BRIEF DESCRIPTION OF THE DRAWINGS

FIG. 1 is a flow sheet illustrating one embodiment of the invention wherein the residuum from a crude oil distillation column is initially heated in a dense phase reactor and then coked in a delayed coker drum.

FIG. 2 is a flow sheet illustrating one embodiment of the invention wherein the residuum from a crude oil distillation column is initially heated in a dense phase reactor, contacted with a preheated stripping material, and then coked in a delayed coker drum.

FIG. 3 is a flow sheet illustrating one embodiment of the invention wherein the residuum from a crude oil distillation column is heated, contacted with a preheated stripping material, and then coked in a delayed coker drum.

FIG. 4 is a flow sheet illustrating one embodiment of the invention wherein the residuum from a crude oil distillation column is initially heated in a dense phase reactor, fractioned in a second distillation column and then the residuum from the second distillation column is coked in a delayed coker drum.

DESCRIPTION OF THE PREFERRED EMBODIMENTS

The inventive process is directed to making light hydrocarbonaceous liquids in a delayed coker. The delayed coker utilizes at least one coke drum and also typically utilizes a fractionation column upstream of the coke drum. In one embodiment the feed to the coke drum is heated in a dense phase reactor and then part (e.g., high boiling materials) or all of the resulting intermediate product is coked in the coke drum. In an optional step, the intermediate product produced in the dense phase reactor is contacted with a superheated stripping material prior to being advanced to the coke drum and/or while in the coke drum. In one embodiment, the feed to the coke drum is heated in a conventional furnace, then contacted with a superheated stripping material prior to being advanced to the coke drum and/or while in the coke drum. In one embodiment, the feed to the coke drum is heated in a dense phase reactor, the resulting intermediate product is then fractionated, and the residium from the fractionated intermediate product is coked in the coke drum. With each embodiment, the pretreated feed enters the coke drum and the coke drum is operated under coking conditions with cracked vapors containing light hydrocarbonaceous liquids being taken overhead and coke being deposited in the coke drum.
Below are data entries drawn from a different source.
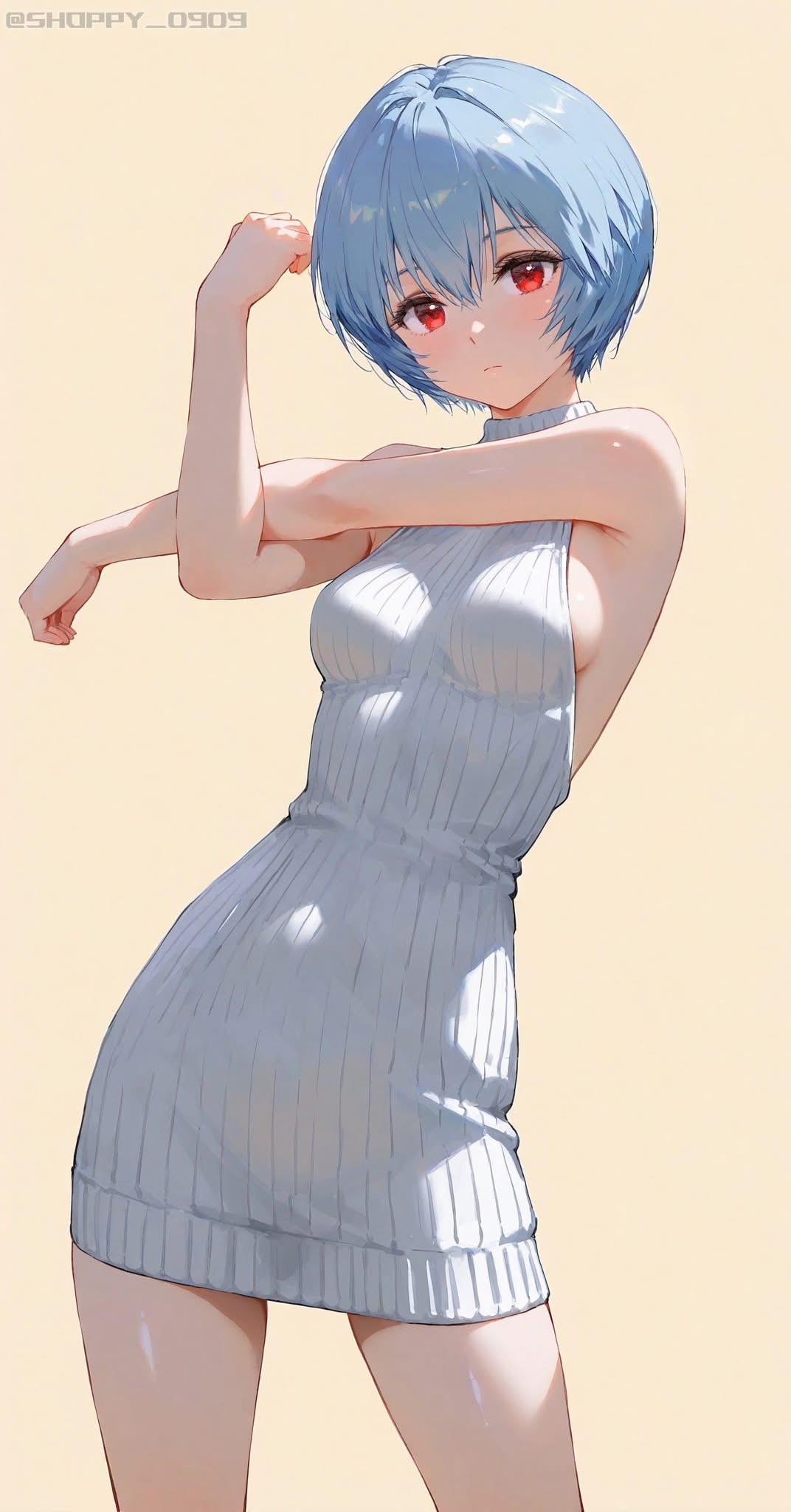a digital drawing of a lightskinned anime girl with short blue hair, red eyes, and wearing a white halter dress, posed with one arm raised.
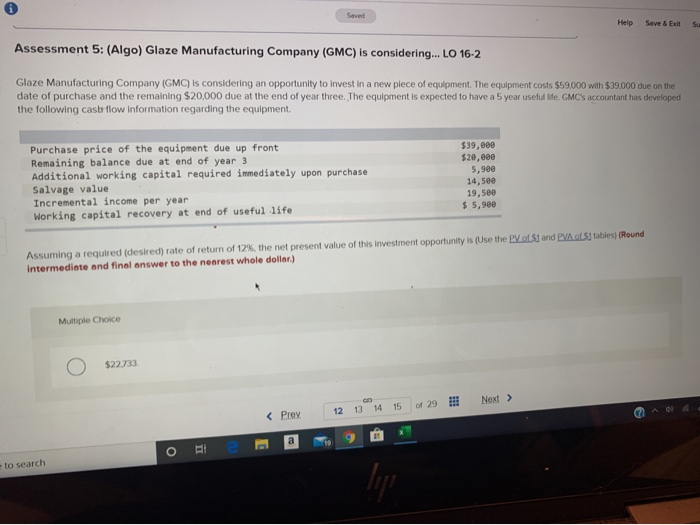  Saved Help Save & Exit Su Assessment 5: (Algo) Glaze Manufacturing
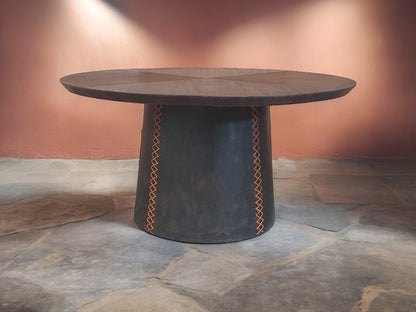 Bar-sur-Seine Dining Table - Round Dark Espresso Finish, Orange-Stitched Pedestal Base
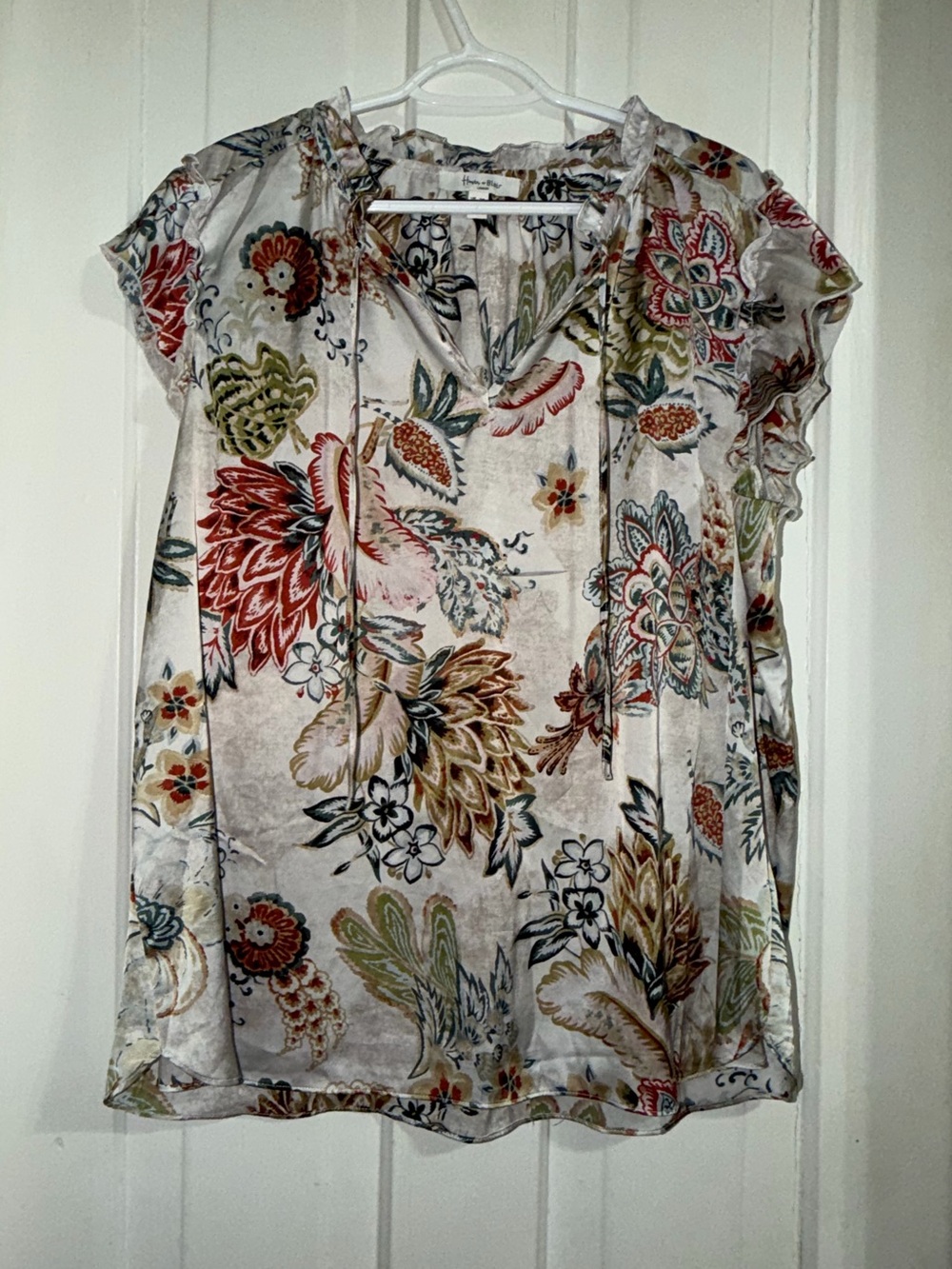 Women's plus size‎ 2X shirt Floral Print Cap-Sleeve Blouse haven & Blair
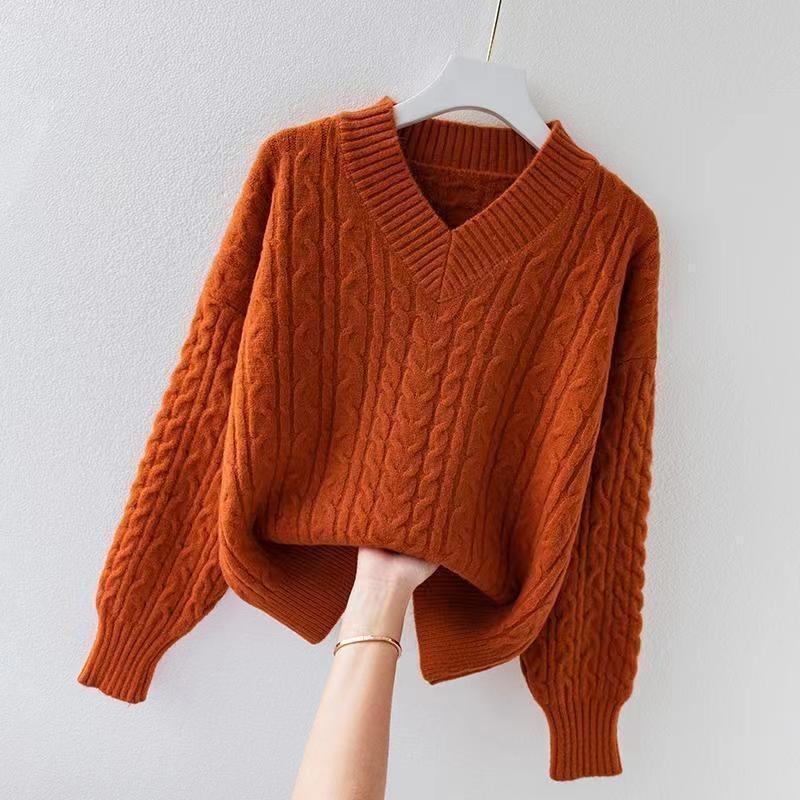 Autumn New Women's Soft Waxy Inner with Autumn and Winter New Retro Twist Lazy Wind Pullover Bottoming Sweater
The feed to the coke drum that is treated in accordance with the inventive process can be selected from a wide range of hydrocarbonaceous materials. These include, for example, residual oil (e.g., petroleum oil fractions such as heavy gas oil, residuum, etc.), bitumen, crude oil (whole or topped), fluid catalytic cracker decanted oil, slop oils, and other high-boiling or heavy hydrocarbon oils. The hydrocarbonaceous materials can be aliphatic, alicyclic, aromatic or a mixture thereof. They can have initial boiling points of generally at least about 625 F. In one embodiment of the invention the initial boiling point of the hydrocarbonaceous material is at least about 700 F.; in another embodiment it is at least about 800 F.; in another embodiment it is at least about 900 F.; and in another embodiment it is at least about 1000 F. In one embodiment, the hydrocarbonaceous material has an initial boiling point in the range of about 625 F. to about 850 F. and a final boiling point in the range of about 700 F. to about 1000 F. In one embodiment the hydrocarbonaceous material has an initial boiling point in the range of about 700 F. to about 950 F. and a final boiling point in the range of about 900 F. to about 1100 F. In one embodiment the hydrocarbonaceous material has an initial boiling point in the range of 750 F. to about 1000 F. and no final boiling point; that is, at least some of the hydrocarbonaceous material treated in this embodiment of the invention thermally decomposes below its atmospheric pressure boiling point. In one embodiment the hydrocarbonaceous material is other than crude oil, e.g., whole or topped crude oil.

THE DENSE PHASE REACTOR

The operation of the dense phase reactor is carried out in the absence of externally supplied water or hydrogen. In one embodiment, it is carried out in the absence of externally supplied catalysts.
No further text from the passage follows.